Dalam perkara ini, diduga ada sekira 60 proyek pengadaan PT Amarta Karya Persero yang disubkontraktorkan secara fiktif oleh Catur dan Trisna. Di mana, sejumlah proyek tersebut di antaranya, pekerjaan konstruksi pembangunan rumah susun Pulo Jahe, Jakarta Timur.
Kemudian, pengadaan jasa konstruksi pembangunan gedung olahraga Univesitas Negeri Jakarta. Selanjutnya, pembangunan laboratorium bio safety level tiga di Universitas Padjajajran (Unpad).
KPK menyebut uang yang diterima Catur Prabowo dan Trisna Sutisna diduga digunakan untuk membayar tagihan kartu kredit, pembelian emas, perjalanan pribadi ke luar negeri, pembayaran member golf dan juga pemberian ke beberapa pihak terkait lainnya.
Akibat perbuatan kedua tersangka tersebut, negara ditaksir mengalami kerugian sekira Rp46 miliar.

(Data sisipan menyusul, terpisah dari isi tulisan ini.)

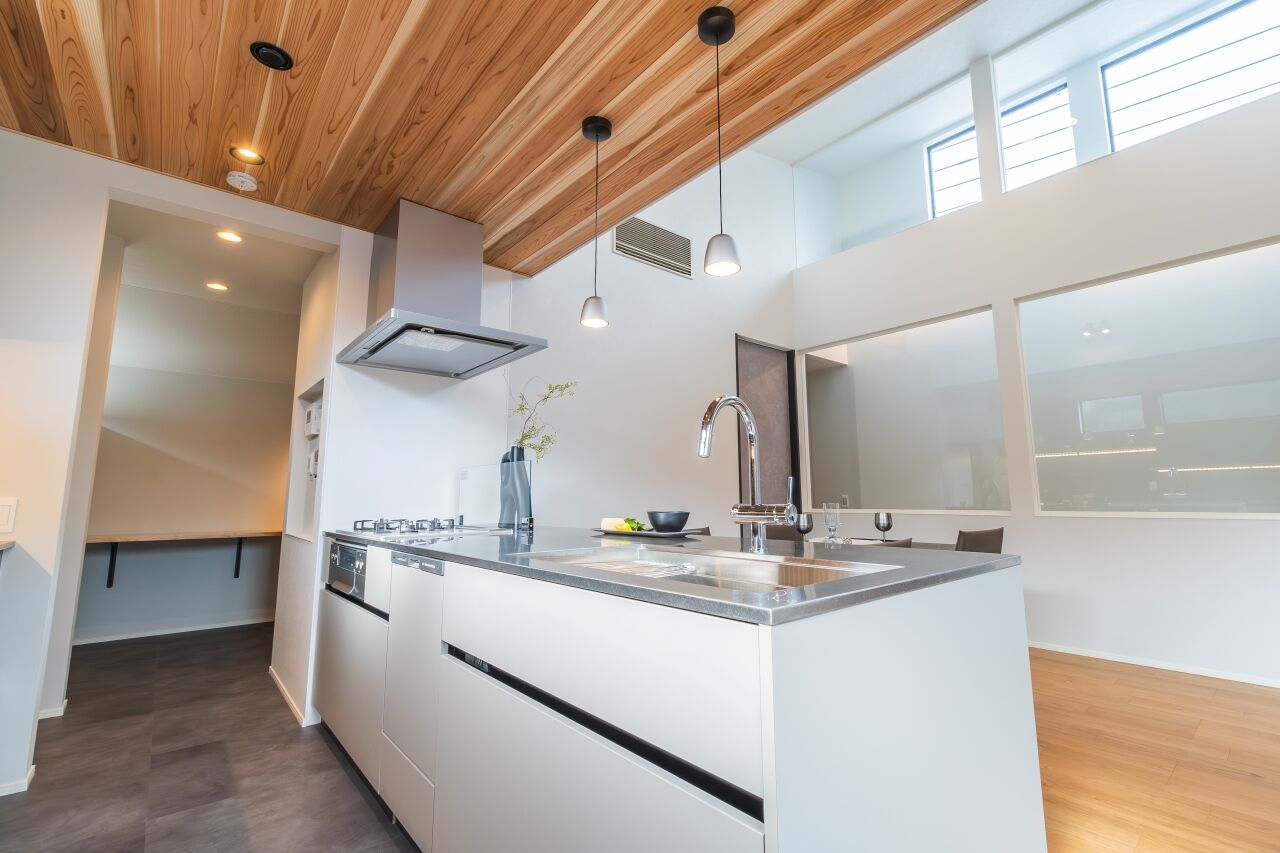 ハビの家 【39.7坪/ガレージ/間取り有】箱を重ねたような外観デザインや間取りの工夫で、光が降り注ぐ明るい家にの建築実例画像3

KPK saat ini masih terus menelusuri aliran uang ke pihak-pihak lainnya. Diduga, banyak pihak yang kecipratan dana haram proyek tersebut.
KPK kemudian mengembangkan perkara tersebut dan ditemukan bukti permulaan yang cukup terkait adanya dugaan Tindak Pidana Pencucian Uang (TPPU). KPK menetapkan Catur Prabowo sebagai tersangka pencucian uang.
Catur diduga telah mengalihkan, menyamarkan, ataupun mengubah hasil dugaan korupsinya ke sejumlah. Saat ini, KPK sedang menelusuri aset hasil pencucian uang Catur. Aset pencucian uang Catur ditelusuri lewat pemeriksaan sejumlah saksi.